PROBLEM STATEMENT: Scan the records below, and wherever a line has the word "Package", pull it out.

--- DATA IN THIS EXERCISE ---

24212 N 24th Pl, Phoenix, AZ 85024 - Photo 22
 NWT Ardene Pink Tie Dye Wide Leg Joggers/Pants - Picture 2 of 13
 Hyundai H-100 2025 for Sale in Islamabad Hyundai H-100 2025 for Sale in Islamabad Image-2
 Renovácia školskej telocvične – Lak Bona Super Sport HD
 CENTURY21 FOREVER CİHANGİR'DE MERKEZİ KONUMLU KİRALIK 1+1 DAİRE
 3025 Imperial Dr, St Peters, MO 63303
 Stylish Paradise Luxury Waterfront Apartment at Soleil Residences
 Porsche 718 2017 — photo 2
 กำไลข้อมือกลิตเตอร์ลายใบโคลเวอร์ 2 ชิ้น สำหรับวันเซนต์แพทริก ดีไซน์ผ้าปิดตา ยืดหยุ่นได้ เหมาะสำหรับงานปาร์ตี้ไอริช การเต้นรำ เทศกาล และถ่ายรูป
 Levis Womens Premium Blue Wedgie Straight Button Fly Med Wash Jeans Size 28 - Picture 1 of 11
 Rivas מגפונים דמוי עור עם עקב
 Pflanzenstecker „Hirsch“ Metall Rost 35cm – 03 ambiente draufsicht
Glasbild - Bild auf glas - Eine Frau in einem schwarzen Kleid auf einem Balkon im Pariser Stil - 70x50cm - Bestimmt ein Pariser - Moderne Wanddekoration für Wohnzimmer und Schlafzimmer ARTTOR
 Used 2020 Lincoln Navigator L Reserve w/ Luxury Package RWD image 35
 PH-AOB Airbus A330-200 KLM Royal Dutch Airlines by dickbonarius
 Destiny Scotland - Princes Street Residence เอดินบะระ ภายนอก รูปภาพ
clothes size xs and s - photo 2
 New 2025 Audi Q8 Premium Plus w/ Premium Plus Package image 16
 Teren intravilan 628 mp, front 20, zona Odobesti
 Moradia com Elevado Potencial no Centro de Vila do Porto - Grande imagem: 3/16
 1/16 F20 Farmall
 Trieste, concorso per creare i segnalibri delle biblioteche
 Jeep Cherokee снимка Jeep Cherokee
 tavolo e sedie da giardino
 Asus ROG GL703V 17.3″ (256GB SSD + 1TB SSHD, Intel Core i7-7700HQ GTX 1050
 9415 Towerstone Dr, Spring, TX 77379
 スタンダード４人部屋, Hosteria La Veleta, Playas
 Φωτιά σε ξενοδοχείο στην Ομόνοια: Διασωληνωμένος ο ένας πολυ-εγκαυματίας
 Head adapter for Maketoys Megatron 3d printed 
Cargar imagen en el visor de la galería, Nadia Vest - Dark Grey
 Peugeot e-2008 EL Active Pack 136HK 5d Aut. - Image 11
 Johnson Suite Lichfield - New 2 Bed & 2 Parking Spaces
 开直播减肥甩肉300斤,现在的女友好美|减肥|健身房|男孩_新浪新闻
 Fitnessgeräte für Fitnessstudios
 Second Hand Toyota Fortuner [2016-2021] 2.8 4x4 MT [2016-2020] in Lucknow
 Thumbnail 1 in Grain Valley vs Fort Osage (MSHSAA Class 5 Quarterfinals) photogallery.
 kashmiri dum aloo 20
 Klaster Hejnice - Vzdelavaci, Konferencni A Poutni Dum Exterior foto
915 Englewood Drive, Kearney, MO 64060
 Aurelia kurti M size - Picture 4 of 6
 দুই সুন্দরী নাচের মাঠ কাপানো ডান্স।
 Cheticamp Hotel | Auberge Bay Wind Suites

---

ANSWER AREA:
 Used 2020 Lincoln Navigator L Reserve w/ Luxury Package RWD image 35
 New 2025 Audi Q8 Premium Plus w/ Premium Plus Package image 16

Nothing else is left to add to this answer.